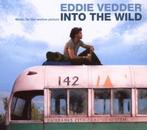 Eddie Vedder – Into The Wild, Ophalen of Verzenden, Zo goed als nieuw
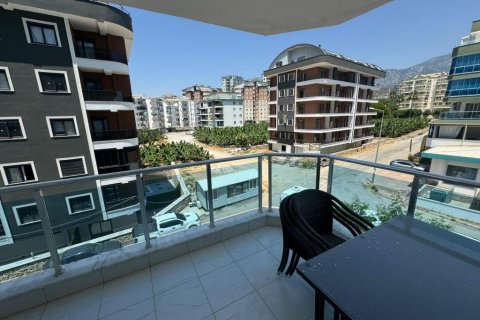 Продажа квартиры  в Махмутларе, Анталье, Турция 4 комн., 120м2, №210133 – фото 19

━━━━━━

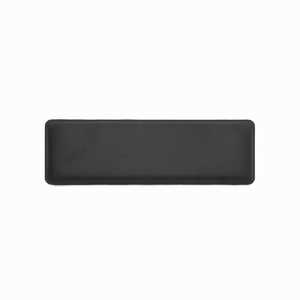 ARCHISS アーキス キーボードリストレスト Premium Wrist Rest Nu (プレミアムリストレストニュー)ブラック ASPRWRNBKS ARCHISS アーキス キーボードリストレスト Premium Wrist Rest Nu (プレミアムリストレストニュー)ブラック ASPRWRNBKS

━━━━━━

-- Exercise requirements --
Only one stretch of the data is wanted: write out exactly the lines from the one holding "Eddie Vedder –" through the one holding "120м2, №210133 – фото 19", both included, without the pictures.

-- Problem solution --
 Eddie Vedder – Into The Wild, Ophalen of Verzenden, Zo goed als nieuw
 Продажа квартиры  в Махмутларе, Анталье, Турция 4 комн., 120м2, №210133 – фото 19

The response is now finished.